Im Gegensatz zur Tripartite gehört die Stahlkrise der Vergangenheit an. Die Art und Weise, wie sie gemeistert wurde, ist eine unvergleichliche Erfolgsgeschichte, denn niemand hätte Anfang der 80-er Jahre davon zu träumen gewagt, dass nach allem, was da über unsere Stahlkocher hereinbrach, das weiße Haus an der Freiheitsavenue einmal zur Schaltzentrale des größten Stahlkonzerns der Welt würde. Das hilft, den Verlust eigener Stahlstandorte zu verschmerzen, deren Rolle als Ernährer der Nation ohnedies längst von einem andern Wirtschaftsbereich übernommen wurde. Gemeint sind die Banken, die sich als Töchter ausländischer Kreditinstitute ab der zweiten Hälfte der 60-er Jahre in Luxemburg niederließen und mit ihrer erfolgreichen Tätigkeit erst am Euromarkt, dann im Privatkundengeschäft und schließlich in der Investmentfondssparte, dem Land ein goldenes Wirtschaftszeitalter bescherten. 

Schon werden erste Parallelen zwischen dem Aufstieg und dem Niedergang der Eisenindustrie und dem Bankplatz gezogen, der nach Jahren des ungestümen Wachstums und vor dem Hintergrund schwindender Standortvorteile in eine bedächtigere Entwicklungsphase getreten ist. Aber noch gibt es die Banken in Luxemburg und ihre, wenn auch spärlicher fließenden Beiträge zum Staatshaushalt. Nicht zuletzt ihnen ist denn auch die imposante Gebäudeinfrastruktur zu verdanken, die in den letzten Jahren in Luxemburg entstand und das Gesicht der Stadt, vor allem die Skyline des lange Jahre hindurch brach liegenden Kirchberg-Plateaus neu prägte. Dabei bekam die Kultur einen nicht geringen Anteil ab, wie es die Tatsache belegt, dass wir heute viermal mehr Museen, Theater und Konzertsäle als früher haben. Womit einmal mehr der Beweis erbracht ist, dass das Geld der Kultur keinesfalls abträglich ist, ganz abgesehen davon, dass so manche Demokratisierungsbemühungen im Bereich der Kunst ohne Mäzene und Sponsoren glatt zur Illusion würden.

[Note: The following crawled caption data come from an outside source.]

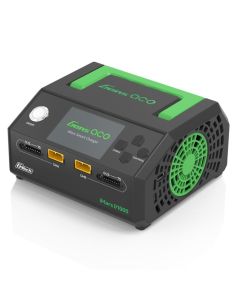 GensAce Chargeur iMars D1000 Smart Dual Channel AC 1000W (EU)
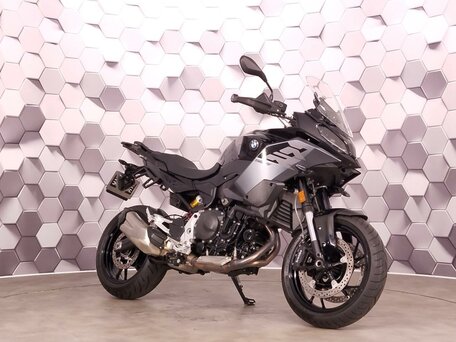 2024 BMW F 900 XR, чёрный, 1229000 рублей, вид 1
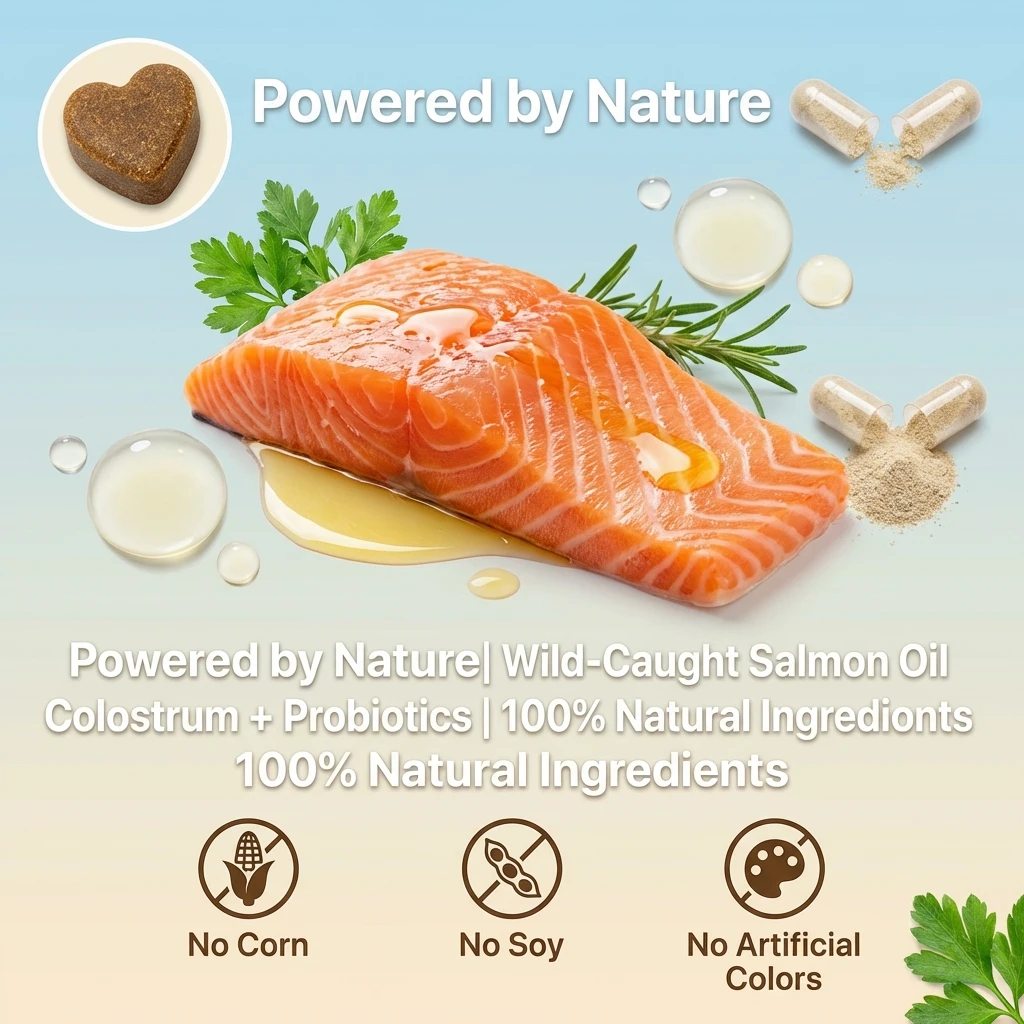 Omega-3 Fish Oil Supplement - image 3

All das haben die Leute vom Land in den 50 Jahren beobachtet und beschrieben, kommentiert und kritisiert und mitunter auch gelobt. Das Erstaunliche daran ist zweifellos die Konstanz, mit der das Land dabei zu Werke ging und die sich deutlich von der Gesamtentwicklung des Umfelds in diesem halben Jahrhundert abhebt. Gewiss hat auch das Land sein Aussehen im Lauf der Zeit verändert, hat dem Zeitgeist gehuldigt mit einem neuen grafischen Look, und versucht, auch in der Aufbereitung des Inhalts neue Wege zu gehen. Aber eigentlich ist alles beim alten geblieben: beim Triptychon aus Politik, Wirtschaft und Kultur, bei der Gründlichkeit der Analyse, bei der objektiven Faktfindung, beim kritischen Ton und bei der verständlichen Schreibe, mit der man dem Leser nicht zu imponieren, sondern ihn lediglich zu informieren versucht. So haben die Land-Väter Carlo Hemmer und Leo Kinsch gewollt. So haben es ihre Nachfolger während eines halben Jahrhunderts gehalten. Und so soll es, mutatis mutandis, weiter gehen.